January 2020: Is this answered? Yes.

December 2022: In the consultation paper, the exceptions were described as ‘very important’. Notwithstanding the comments made by the Cabinet Secretary at Stage 2, the Scottish Government’s line has appeared weaker since 2021, and more often a technical acknowledgment of the exceptions’ existence. We are less sure than we were three years ago that, if given the opportunity to legislate here, the Scottish Government would retain this provision.

Gender self-identification in practice: data recording

The Cabinet Secretary for Social Security and Older People has stated that the Scottish Government recognises sex and gender are separate concepts.

Q.14  In relation to the 2021 census, can the Scottish Government explain how can we collect reliable data on either sex or gender identity if both are conflated into the same question?

January 2020: Is this question answered? No.

December 2022: No. It had to assert that the effect would be too small to matter. It is not possible to test this assertion using the data collected in Scotland’s census.

In response to a FOI request that asked whether National Records of Scotland had ‘indicated what percentage of respondents answered the sex question as recording their sex at birth, and what percentage answered the sex question as recording their gender identity?’, the Office for Statistics Regulation (OSR) stated: ‘based on the census questions asked, we don’t think respondent intention would be possible to be analysed.’

Q.15  What analysis has the Scottish Government undertaken to establish the potential impact of changing the sex question in the census to one that is explicitly based on self-identification on data quality?

January 2020: Is this question answered? No.

December 2022: It did none, Freedom of Information requests have established.

Q.16  What analysis has the Scottish Government undertaken to assess the impact of the decision to remove sex recorded at birth from NHS records, as recorded in the CHI system, and to record self-identity, on the delivery of sex-specific and single-sex services ?

January 2020: Is this question answered? No.

December 2022: As far as we know, it has done none.

Q.17  In relation to criminal justice data, what analysis has the Scottish Government undertaken to quantify the potential effects of self-identification principles on the quality of data on those crimes disproportionately committed by males, such as violent and sexual offending?

January 2020: Is this question answered?
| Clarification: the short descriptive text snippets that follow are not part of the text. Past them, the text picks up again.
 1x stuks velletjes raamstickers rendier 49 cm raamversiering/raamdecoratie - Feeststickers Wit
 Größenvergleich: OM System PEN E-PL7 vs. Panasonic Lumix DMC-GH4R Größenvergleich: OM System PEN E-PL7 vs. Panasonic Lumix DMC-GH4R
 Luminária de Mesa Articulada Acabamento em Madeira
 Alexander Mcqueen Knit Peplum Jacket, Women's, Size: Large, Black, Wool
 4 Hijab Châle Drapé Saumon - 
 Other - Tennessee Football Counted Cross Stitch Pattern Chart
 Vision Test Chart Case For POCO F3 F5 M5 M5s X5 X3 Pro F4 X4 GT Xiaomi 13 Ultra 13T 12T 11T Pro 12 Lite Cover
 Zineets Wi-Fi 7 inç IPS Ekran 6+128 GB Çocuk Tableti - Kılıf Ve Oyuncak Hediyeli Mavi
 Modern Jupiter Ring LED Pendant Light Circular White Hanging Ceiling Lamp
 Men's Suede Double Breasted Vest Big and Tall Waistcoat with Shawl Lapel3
No

December 2022: As far as we know, it has done none.

Q.18  Criminal proceedings in Scotland data show that only three females were convicted of sexual assault in 2017/18, compared to 299 males. Given these low numbers, does the Scottish Government acknowledge that a small percentage of male people being recorded instead as female would skew this data?
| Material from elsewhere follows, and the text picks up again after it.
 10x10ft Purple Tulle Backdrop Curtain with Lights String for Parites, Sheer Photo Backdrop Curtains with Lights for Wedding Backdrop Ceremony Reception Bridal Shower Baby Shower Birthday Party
January 2020: Is this question answered? No.

December 2022: It never has.

Q.19  Has the Scottish Government undertaken any analysis of the potential impact of recording based on gender identity in the monitoring of inequalities in male-dominated industries, for example the tech sector?

January 2020: Is this question answered? No.

Decmeber 2022: As far as we know, it has done none.

Q.20  Does the Scottish Government support the recommendations in Caroline Criado-Perez’s book ‘Invisible Women’ that we must meticulously collect sex-disaggregated data to tackle sex-based discrimination?

January 2020: Is this question answered? No.

December 2022: The Chief Statistician’s guidance on collecting data on sex and gender identity took a restrictive view on when sex should be collected, so we assume not. This states:

In a small number of instances, it may be necessary and proportionateto require a person to answer a question on the their biological sex but this would be on an individual basis for a very specific purpose and it would be up to public bodies who need this data to develop the best approach to do this. The most likely scenarios where data on biological sex is required would be on a case-by-case basis in a medical context; in a criminal context where a serious sexual offence is being investigated.

Scottish Government, 2021: 11

More generally, the guidance defines ‘sex’ as having biological, legal, and self-defined aspects, with the latter referring to ‘a person’s innate senseof whether they are female or male’ (Scottish Government, 2021: 7).